Nell’intervento della Meloni il punto centrale sembra essere l’impegno da campagna elettorale a rivedere il reddito di cittadinanza, senza minimamente offrire uno spunto concreto di come dare lavoro a chi non lo trova. Che uno strumento come il reddito di cittadinanza debba essere continuamente monitorato e aggiustato per evitare abusi e veri e propri reati da parte di chi non ne ha diritto, è dire un’ovvietà. Ma annunciarne il cambiamento senza offrire alcuna indicazione su come dare lavoro a chi non ne ha, e dunque non ha reddito con il quale sostenersi, significa non onorare l’impegno al quale si è stati chiamati. E certamente non si creano posti di lavoro fantasticando costruzioni di ponti di Messina come qualche ministro ha subito fatto ancora prima di ricevere la fiducia del Parlamento.
Certo, Giorgia Meloni ha mantenuto ferma la barra del timone sulla posizione dell’Italia rispetto all’invasione russa dell’Ucraina. Ma non avrebbe potuto fare diversamente e comunque nella sua coalizione, Lega e Forza Italia hanno espresso valutazioni filorusse sia sul conflitto in corso sia sulle sanzioni. Solo pochi giorni fa Silvio Berlusconi, alleato chiave della Meloni tanto che i suoi hanno apertamente detto che senza i voti di Forza Italia non esiste il governo Meloni, ha parlato di Putin e delle cause della guerra in termini apertamente affettuosi e giustificando le scelte del Cremlino.

Dal ponte di comando da cui dovrebbe guidare il Paese, Giorgia Meloni ha promesso con parole solenni – “non replicheremo il modello di questi anni” – la condanna delle scelte fatte da due governi (Conte bis e Draghi) nel contrasto all’epidemia di Covid. È una strizzata d’occhi senza alcun senso a no vax e negazionisti di ogni tipo. E poi che cosa vuol dire nella pratica? Se malauguratamente dovesse riaccendersi il fuoco del contagio che cosa farà il suo governo, lascerà tutto aperto con ognuno decide quel che gli pare in tema di cure e di prevenzione? Ovviamente, sono seguiti vaghi accenni a quello che il governo intende fare per la sanità pubblica.

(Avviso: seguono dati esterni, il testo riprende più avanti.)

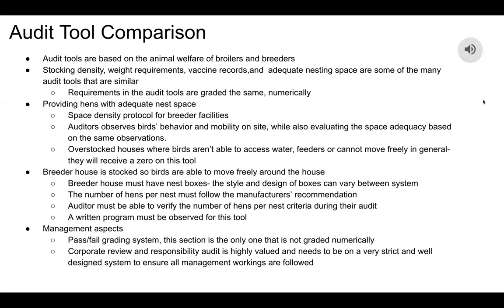For audit tool comparison, these slides discuss the comparison between the two companies and management aspects covered in each of their tools. Audit tools are based on the animal welfare of broilers and breeders. Stocking density, weight requirements, vaccine records, and adequate nesting space are some of the many audit tools that are similar in each company. Requirements in the audit tools are graded by the same numeric system.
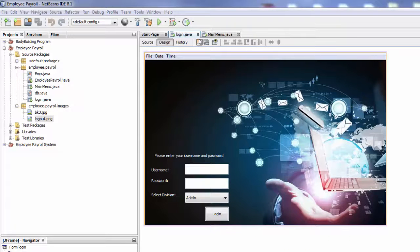Hi everyone and welcome back to another tutorial — Employee Payroll Management System using Java, this is part 10. If you did not watch my previous tutorials, please watch them and don't forget to download the file, link in the description down below, so you can reach this point.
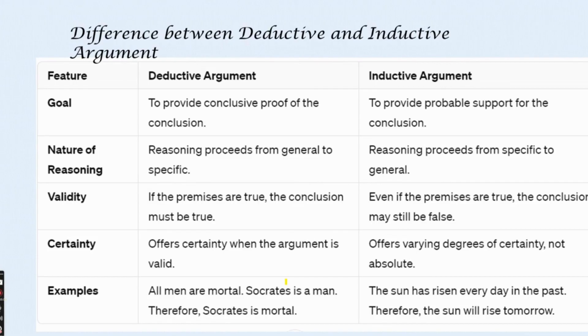That is it for the deductive and inductive argument. I hope you were able to understand the difference between them. If you have any queries, please put them in the comment section. Thank you so much for listening — do subscribe to my channel.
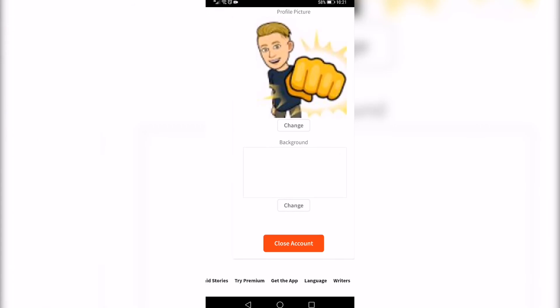Then you can zoom in a bit and then you want to scroll all the way to the bottom and then you'll see an option that says close account.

È facile prevedere che la strada del capo del governo sarà tutta in salita. Non solo per le difficolta del momento, certo non imputabili all’attuale presidente del consiglio, ma anche per una squadra di governo dove non sembrano esserci dei fuoriclasse. Così, il dato che tutti hanno sottolineato con soddisfazione – ovvero una donna che finalmente arriva a guidare il Paese – perde totalmente di significato. Perché non basta avere una donna sul ponte di comando ad assicurare che le scelte politiche saranno corrette e positive. E neanche l’autocompiacimento di Giorgia Meloni che al governo ci sia un underdog, ovvero una persona che partiva sfavorita e che è riuscita ad arrivare dove desiderava. Anche questo, come l’essere donna, non è garanzia che gli altri underdog d’Italia avranno le stesse possibilità che ha avuto Giorgia Meloni.